# APMTH 207: Advanced Scientific Computing: 
## Stochastic Methods for Data Analysis, Inference and Optimization
## Homework #11
**Harvard University**<br>
**Spring 2017**<br>
**Instructors: Rahul Dave**<br>
**Due Date: ** Wednesday, April 26th 2017 at 11:59pm

**Instructions:**

- Upload your final answers as well as your iPython notebook containing all work to Canvas.

- Structure your notebook and your work to maximize readability.

## Problem 1: Homework #8 Revisited

Recall the context of Homework #8: 

A plant nursery in Cambridge is exprimentally cross-breeding two types of hibiscus flowers: blue and pink.
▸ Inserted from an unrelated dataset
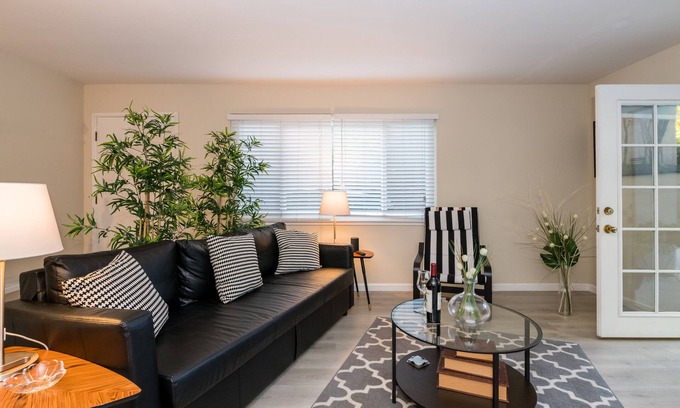 Downtown North Apartment | "Gem “ in Downtown Palo Alto Stanford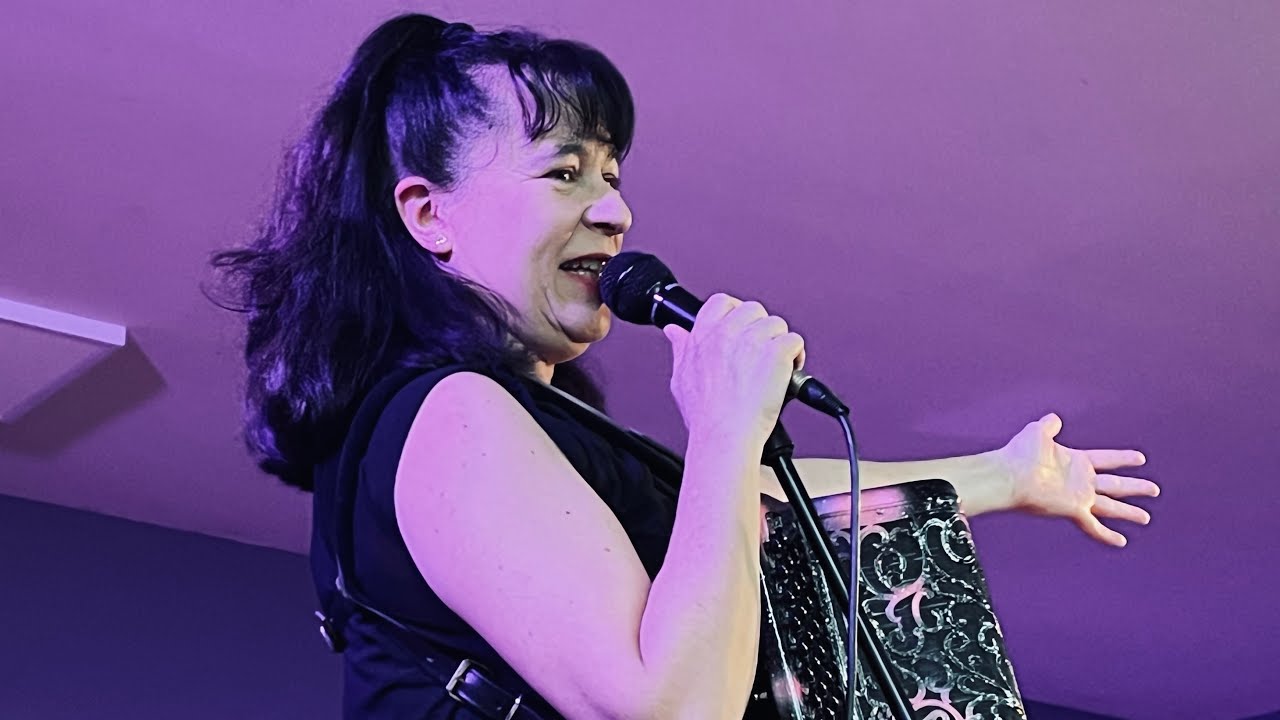 Sandrine Tarayre “ Pistonnette “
The goal is to create an exotic flower whose petals are pink with a ring of blue on each. 

There are four types of child plant that can result from this cross-breeding: 

  - Type 1: blue petals
  - Type 2: pink petals 
  - Type 3: purple petals
  - Type 4: pink petals with a blue ring on each (the desired effect). 

Out of 197 initial cross-breedings, the nursery obtained the following distribution over the four types of child plants: 
$$Y = (y_1, y_2, y_3, y_4) = (125, 18, 20, 34)$$
where $y_i$ represents the number of child plants that are of type $i$.

They know that the probability of obtaining each type of child plant in any single breeding experiment is as follows:
$$ \frac{\theta+2}{4}, \frac{1-\theta}{4}, \frac{1-\theta}{4}, \frac{\theta}{4},$$
where $\theta$ is unknown.

Sensibly, the nursery chose to model the observed data using a multinomial model; *they also imposed a prior on $\theta$, $\rm{Beta}(a, b)$*.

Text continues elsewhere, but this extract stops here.